Reaction 5: Making and Arts in K12 Education

Tea, Earl Grey, Hot.

(Interestingly, this picture, linked from globalfoodpolitics.wordpress.com, is actually also featured with a blogpost about 3D printing food.)

Also this is my 100th post! Reflection on that coming soon…

But for now, this post is a reaction to Neil Gershenfeld’s article, How to Make Almost Anything: The Digital Fabrication Revolution, and Erica Halverson’s paper, Digital art-making as a representational process:

If you are a traditionally trained, career teacher, you likely have no idea how creative processes work in industry. I think one of the most compelling parts of the Youth Media Arts Organizations is that they use real processes of production, like Reel Works pitching to actual directors at an actual film studio. This is what makes it authentic rather than contrived. Without personal experience as an artist, I think teachers struggle to facilitate authentic student work in this area. I know that I personally have assigned video projects without any discussion of what the rules of the genre are, types of films, camera angles, storyboarding, etc. “Creating art mindfully, that is learning how to construct and critically evaluate these representations, requires scaffolded instruction” (Halverson 2010). Being able to scaffold instruction requires deep content and process understanding by the teacher, which the majority do not have. For this reason, students who are good with iMovie flair might dazzle their teachers with effects, and teachers then mistakenly equate the ability to manipulate software with understanding the rules of genre and/or content understanding.

I see three opportunities for bridging this gap between the experiences we want kids to have and what is currently happening.

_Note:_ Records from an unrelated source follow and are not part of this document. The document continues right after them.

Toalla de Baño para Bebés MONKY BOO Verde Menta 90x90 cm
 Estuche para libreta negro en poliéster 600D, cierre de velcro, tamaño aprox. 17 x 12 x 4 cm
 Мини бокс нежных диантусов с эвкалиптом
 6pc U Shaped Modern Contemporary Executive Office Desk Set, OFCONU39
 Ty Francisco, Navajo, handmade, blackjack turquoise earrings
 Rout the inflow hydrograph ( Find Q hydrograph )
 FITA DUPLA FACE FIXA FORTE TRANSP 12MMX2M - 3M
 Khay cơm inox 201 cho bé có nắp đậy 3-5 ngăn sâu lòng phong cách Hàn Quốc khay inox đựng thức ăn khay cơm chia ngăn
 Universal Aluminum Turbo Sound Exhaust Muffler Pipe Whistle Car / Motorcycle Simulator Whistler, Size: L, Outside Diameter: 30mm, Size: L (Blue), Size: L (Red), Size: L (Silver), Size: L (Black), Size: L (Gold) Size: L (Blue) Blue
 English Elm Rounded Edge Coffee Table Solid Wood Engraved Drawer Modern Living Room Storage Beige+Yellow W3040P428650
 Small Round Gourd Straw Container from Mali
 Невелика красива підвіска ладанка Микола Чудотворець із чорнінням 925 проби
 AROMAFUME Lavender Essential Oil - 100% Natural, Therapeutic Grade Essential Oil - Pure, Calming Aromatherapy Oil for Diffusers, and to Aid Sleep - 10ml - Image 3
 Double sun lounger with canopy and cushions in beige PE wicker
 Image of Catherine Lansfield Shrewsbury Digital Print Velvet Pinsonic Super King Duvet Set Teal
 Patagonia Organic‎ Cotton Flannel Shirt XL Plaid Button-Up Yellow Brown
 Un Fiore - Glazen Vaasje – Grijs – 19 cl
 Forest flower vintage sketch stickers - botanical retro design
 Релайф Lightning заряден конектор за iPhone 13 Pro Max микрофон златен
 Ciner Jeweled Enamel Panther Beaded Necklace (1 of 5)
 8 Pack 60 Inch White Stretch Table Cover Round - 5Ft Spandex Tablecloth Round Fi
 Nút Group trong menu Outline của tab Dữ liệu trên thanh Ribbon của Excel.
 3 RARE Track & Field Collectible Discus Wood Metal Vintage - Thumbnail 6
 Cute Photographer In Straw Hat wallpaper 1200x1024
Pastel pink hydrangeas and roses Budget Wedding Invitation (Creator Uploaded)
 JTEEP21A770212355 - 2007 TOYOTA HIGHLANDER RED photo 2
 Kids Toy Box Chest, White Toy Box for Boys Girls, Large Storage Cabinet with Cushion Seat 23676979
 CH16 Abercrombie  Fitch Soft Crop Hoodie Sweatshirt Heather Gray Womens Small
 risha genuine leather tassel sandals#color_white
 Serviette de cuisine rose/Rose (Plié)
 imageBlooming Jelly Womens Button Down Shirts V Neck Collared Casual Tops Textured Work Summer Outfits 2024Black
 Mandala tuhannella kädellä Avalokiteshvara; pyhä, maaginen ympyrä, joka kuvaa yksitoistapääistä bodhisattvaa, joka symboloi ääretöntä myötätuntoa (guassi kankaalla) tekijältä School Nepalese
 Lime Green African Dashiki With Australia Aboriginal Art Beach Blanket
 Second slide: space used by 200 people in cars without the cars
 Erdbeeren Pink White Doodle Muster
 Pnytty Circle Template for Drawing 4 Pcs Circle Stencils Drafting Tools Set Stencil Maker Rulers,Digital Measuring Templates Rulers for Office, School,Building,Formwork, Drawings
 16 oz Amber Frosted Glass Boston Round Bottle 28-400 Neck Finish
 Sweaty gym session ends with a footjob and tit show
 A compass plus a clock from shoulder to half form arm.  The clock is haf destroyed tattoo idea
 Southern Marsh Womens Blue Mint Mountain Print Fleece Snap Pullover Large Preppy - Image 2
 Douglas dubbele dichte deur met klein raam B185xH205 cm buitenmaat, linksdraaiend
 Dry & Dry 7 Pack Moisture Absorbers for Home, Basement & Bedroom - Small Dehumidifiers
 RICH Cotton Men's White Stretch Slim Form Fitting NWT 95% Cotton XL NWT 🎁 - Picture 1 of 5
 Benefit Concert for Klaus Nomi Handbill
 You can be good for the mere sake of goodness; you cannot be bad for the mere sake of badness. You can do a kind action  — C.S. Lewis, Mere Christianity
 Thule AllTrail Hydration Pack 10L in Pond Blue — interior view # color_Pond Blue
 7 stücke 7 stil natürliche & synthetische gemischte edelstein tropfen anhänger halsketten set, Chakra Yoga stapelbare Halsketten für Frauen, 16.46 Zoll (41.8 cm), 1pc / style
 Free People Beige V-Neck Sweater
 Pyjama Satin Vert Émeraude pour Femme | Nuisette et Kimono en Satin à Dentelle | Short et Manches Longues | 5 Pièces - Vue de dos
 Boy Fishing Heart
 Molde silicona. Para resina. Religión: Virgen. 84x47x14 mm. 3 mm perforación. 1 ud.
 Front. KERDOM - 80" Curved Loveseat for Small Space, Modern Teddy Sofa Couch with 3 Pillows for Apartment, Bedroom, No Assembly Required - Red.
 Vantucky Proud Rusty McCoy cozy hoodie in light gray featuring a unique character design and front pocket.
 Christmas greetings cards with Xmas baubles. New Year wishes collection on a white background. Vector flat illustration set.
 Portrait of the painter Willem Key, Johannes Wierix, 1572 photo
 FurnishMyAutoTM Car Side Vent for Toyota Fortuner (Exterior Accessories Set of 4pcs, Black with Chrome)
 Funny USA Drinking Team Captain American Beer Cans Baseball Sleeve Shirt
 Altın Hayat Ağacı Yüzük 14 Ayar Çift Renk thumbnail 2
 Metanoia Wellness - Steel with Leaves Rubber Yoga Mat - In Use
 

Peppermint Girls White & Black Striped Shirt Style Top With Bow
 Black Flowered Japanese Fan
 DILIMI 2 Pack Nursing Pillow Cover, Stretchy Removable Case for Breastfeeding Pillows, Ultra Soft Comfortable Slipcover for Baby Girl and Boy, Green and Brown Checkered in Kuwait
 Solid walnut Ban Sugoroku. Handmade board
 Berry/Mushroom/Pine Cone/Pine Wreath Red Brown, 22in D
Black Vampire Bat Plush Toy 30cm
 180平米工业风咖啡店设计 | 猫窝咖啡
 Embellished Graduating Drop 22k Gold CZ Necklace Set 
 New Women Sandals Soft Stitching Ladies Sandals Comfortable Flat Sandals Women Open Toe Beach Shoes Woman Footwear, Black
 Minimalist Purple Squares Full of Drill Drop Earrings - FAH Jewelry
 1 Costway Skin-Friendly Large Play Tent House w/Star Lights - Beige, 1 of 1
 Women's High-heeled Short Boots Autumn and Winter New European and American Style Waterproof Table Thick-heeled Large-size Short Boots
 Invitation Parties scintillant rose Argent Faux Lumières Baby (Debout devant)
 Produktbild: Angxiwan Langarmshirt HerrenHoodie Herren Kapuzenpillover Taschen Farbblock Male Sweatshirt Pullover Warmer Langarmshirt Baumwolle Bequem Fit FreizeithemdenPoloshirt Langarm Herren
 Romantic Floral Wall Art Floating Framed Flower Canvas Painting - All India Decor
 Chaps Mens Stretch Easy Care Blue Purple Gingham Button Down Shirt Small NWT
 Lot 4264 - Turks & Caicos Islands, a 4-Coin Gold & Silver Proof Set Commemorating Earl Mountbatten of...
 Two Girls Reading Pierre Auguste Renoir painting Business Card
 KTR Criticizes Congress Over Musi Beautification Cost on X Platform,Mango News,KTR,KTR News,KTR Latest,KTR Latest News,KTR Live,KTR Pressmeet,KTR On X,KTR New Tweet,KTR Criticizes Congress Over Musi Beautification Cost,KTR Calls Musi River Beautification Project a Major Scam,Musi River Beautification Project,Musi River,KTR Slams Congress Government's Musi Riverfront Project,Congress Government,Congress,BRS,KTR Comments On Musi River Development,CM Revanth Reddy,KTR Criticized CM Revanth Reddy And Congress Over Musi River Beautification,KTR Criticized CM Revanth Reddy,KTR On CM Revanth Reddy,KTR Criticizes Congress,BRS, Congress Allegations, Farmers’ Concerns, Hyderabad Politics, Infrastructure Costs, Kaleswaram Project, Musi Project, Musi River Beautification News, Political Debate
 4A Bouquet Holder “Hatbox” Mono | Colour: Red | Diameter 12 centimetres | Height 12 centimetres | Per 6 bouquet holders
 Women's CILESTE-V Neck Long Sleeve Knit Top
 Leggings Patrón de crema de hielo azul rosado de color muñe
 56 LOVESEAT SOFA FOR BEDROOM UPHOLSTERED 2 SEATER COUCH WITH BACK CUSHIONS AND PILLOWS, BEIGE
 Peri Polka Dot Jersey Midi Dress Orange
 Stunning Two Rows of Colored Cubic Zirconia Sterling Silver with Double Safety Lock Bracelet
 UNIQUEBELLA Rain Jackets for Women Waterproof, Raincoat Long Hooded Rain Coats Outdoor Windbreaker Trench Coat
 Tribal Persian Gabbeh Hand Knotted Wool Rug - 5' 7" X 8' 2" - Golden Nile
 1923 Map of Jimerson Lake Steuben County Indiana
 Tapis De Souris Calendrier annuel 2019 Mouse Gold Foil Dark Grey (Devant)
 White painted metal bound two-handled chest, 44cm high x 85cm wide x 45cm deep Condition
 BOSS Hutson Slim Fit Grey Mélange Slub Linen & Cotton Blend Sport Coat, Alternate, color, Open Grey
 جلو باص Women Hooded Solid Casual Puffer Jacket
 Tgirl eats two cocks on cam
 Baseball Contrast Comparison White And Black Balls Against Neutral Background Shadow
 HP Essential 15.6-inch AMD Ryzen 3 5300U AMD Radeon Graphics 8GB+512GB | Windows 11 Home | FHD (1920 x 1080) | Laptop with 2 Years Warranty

First, I think we need to recruit and enlist second career teachers who come from within industry. I see this happening at the Sullivan Center at the ‘Iolani School, an independent K-12 school in Honolulu, where they have a game designer, software architect, and studio and fabrication artist, among others, as faculty. Alternately, in the same way that the National Writing Project promotes teaching writing by developing teachers as writers, there could be art and maker institutes for teachers to develop themselves as creators. I would also love to see arts integration coordinators who support teachers designing, implementing, and assessing lessons. This might see new literacies (Knobel and Lankshear 2007) and “tasks that put the arts forward” (Halverson 2010) take root K-12 schools.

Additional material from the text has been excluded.